UK shoppers embrace AI for prices but balk at payments

TL;DR:

  • 48% of UK consumers are open to AI-led price comparison and 42% to AI deal-finding, but only 26% are comfortable with AI-powered payments — 53% are uneasy.
  • Comfort with AI payments splits sharply by age: 41% of Gen Z and Millennials versus 15% of Gen X and just 8% of Baby Boomers.
  • The findings, from ecommerce provider ESW, show shoppers will let AI help them choose but not yet pay.

UK consumers are warming to AI as a shopping assistant while drawing a firm line at the checkout. A new report from ecommerce technology provider ESW finds appetite for AI cools the closer it gets to money: roughly half are happy for AI to compare prices, but only about a quarter want it handling payments.

Trust thins towards the till

The generational gap is stark.
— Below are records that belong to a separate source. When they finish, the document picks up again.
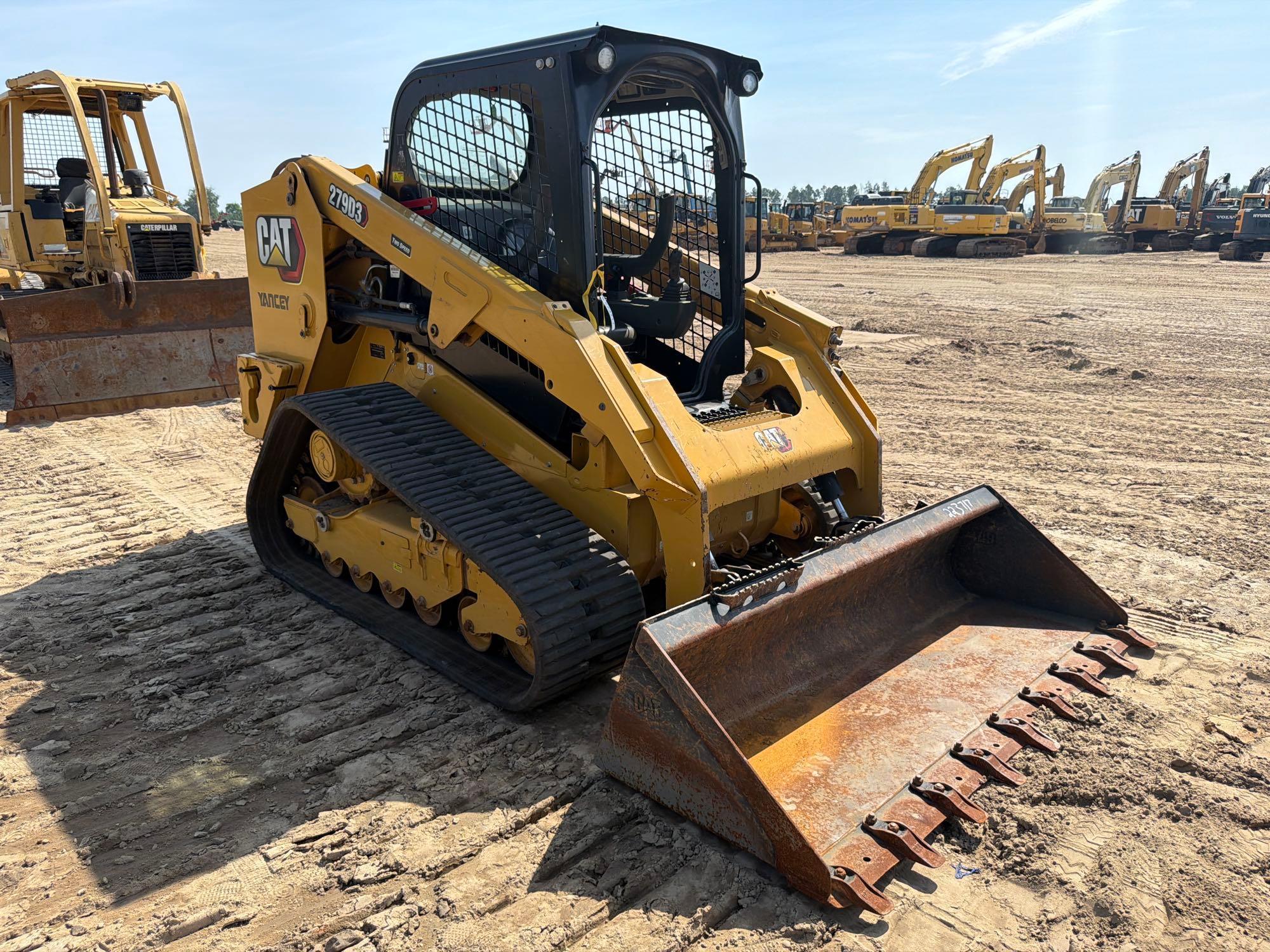 2024 Caterpillar 279D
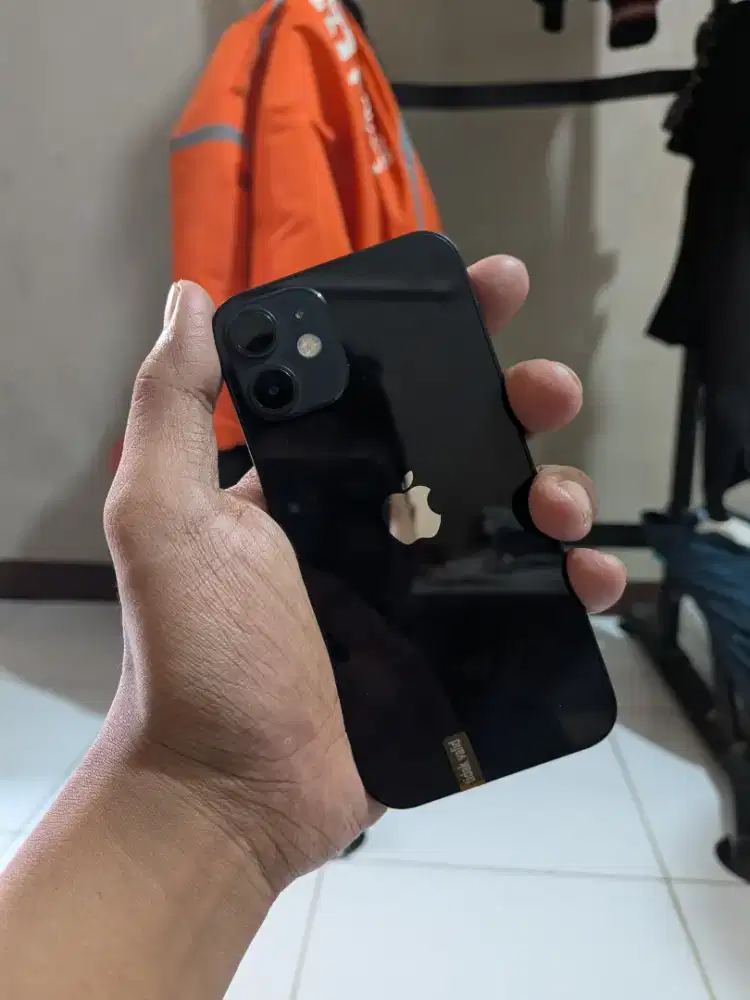 iPhone 12 mini 128gb mulus nominus
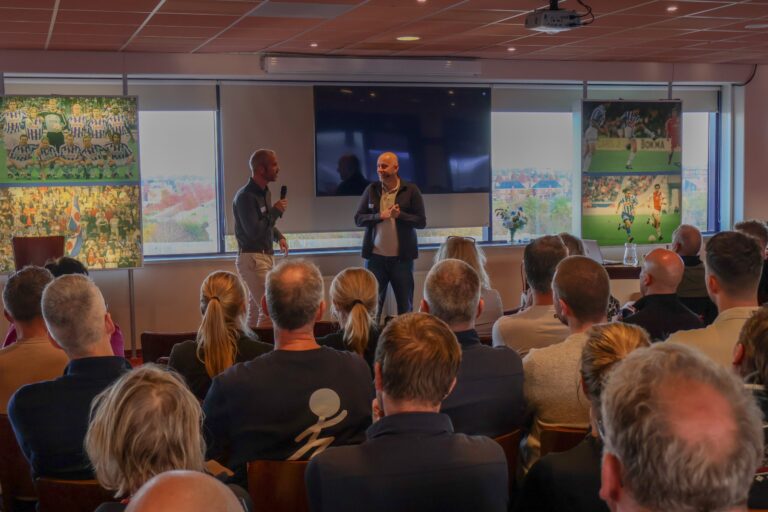 Symposium Vitaliteit Avond — Sport in Friesland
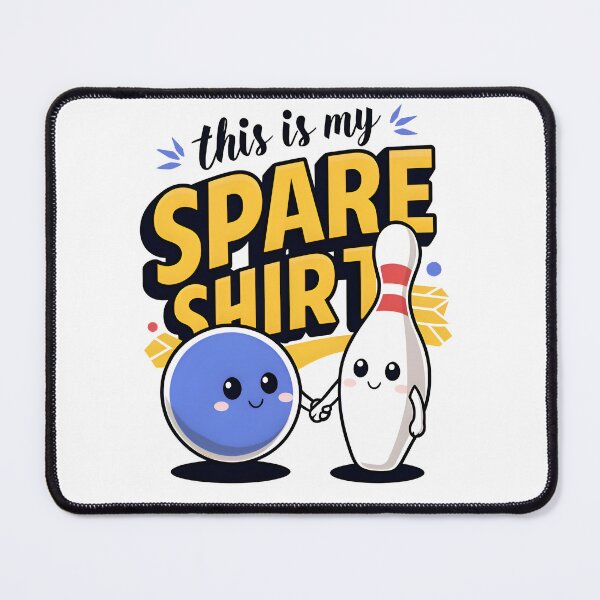 Item preview, This is my Spare shirt - bowling for kids designed and sold by BobaTeeStore.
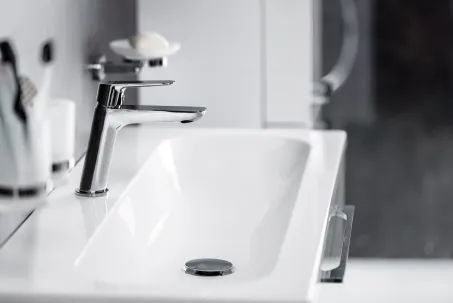 Classic álló mosdócsaptelep leeresztő nélkül CL 012.00CR, króm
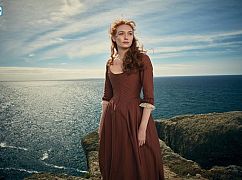 Zdjęcia promocyjne obsady 3 sezonu serialu Poldark
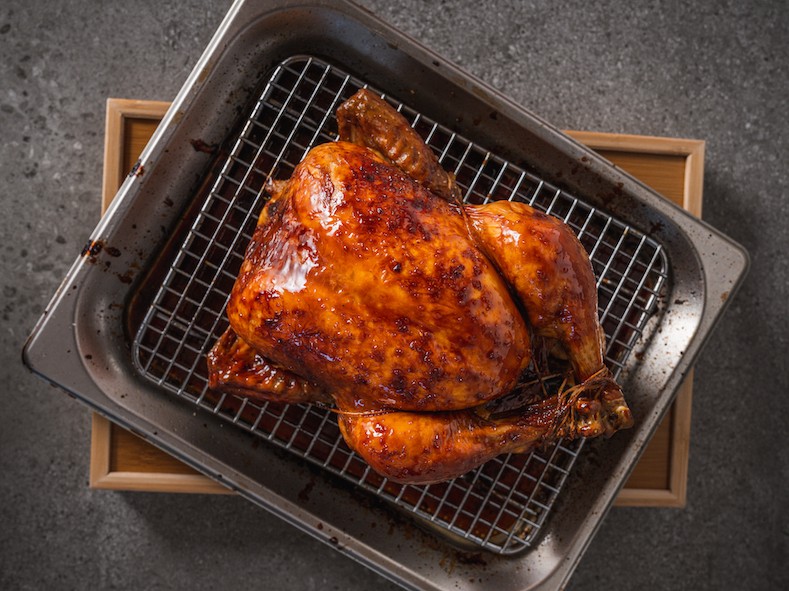Andy Cooks - Espresso Chicken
While 41% of Gen Z and Millennial shoppers are comfortable with AI-powered payments, that falls to 15% among Gen X and 8% among Baby Boomers. Regional attitudes diverge too, with consumers in southern England more open than those in the Midlands and the North. Traditional methods still command the most trust — cards lead, followed by PayPal — and Buy Now, Pay Later remains among the least trusted options despite stronger take-up among younger shoppers.

Discovery habits are shifting faster than payment ones: 43% of UK consumers have found products via social media (rising to 72% of Gen Z), yet only 29% trust completing a purchase through social checkout.

A consistent UK signal

The pattern reinforces earlier evidence that UK shoppers want AI buying help but distrust paid results — appetite for assistance, scepticism about handing over control or money. For UK retailers and fintechs, the message from ESW’s UK and Nordics sales lead Jonathan Sheard is that growth depends on “localised customer experiences” that feel “trusted, transparent and reliable”, with shoppers in London and the South more adventurous than value-focused buyers further north.

Looking forward

The UK results form part of an 18-market ESW study, which found stronger discretionary-spending growth in the Middle East and Asia than in Europe or North America. For British businesses deploying agentic commerce, the near-term opportunity sits in discovery and price comparison — while autonomous payments will need to earn trust one generation at a time.